I agree with Karzai’s cabinet, spraying Afghanistan’s poppy fields with herbicide is likely to poison the groundwater, kill wildlife, damage other crops, and sicken people.
But somehow I don’t think that’s why he made this decision.
Rebuffing months of U.S. pressure, Afghan President Hamid Karzai decided against a Colombia-style program to spray this country’s heroin-producing poppies after the Cabinet worried herbicide would hurt legitimate crops, animals and humans, officials said Thursday.
The decision, reportedly made Sunday, dashes U.S. hopes for mounting a campaign using ground sprayers to poison poppy plants to help combat Afghanistan’s opium trade after a record crop in 2006.
Karzai instead “made a very strong commitment” to lead other eradication efforts this year and said if that didn’t cut production he would allow spraying in 2008, a Western official said on condition of anonymity because of the sensitivity of the subject.

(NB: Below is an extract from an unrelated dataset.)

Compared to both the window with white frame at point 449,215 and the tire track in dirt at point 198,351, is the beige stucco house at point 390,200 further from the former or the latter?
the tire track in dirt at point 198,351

Karzai’s decision capped months of behind-the-scenes pressure to allow spraying like that already used in countries such as Colombia, where coca plants supply much of world’s cocaine.
Just last month, John Walters, top U.S. anti-drug official, said Afgfhan poppies would be sprayed, although he did not say when. Walters, on a visit to Kabul, warned that Afghanistan could turn into a narco-state unless “giant steps” were made toward eliminating poppies.
However, no top Afghan officials had said publicly the government would carry out spraying.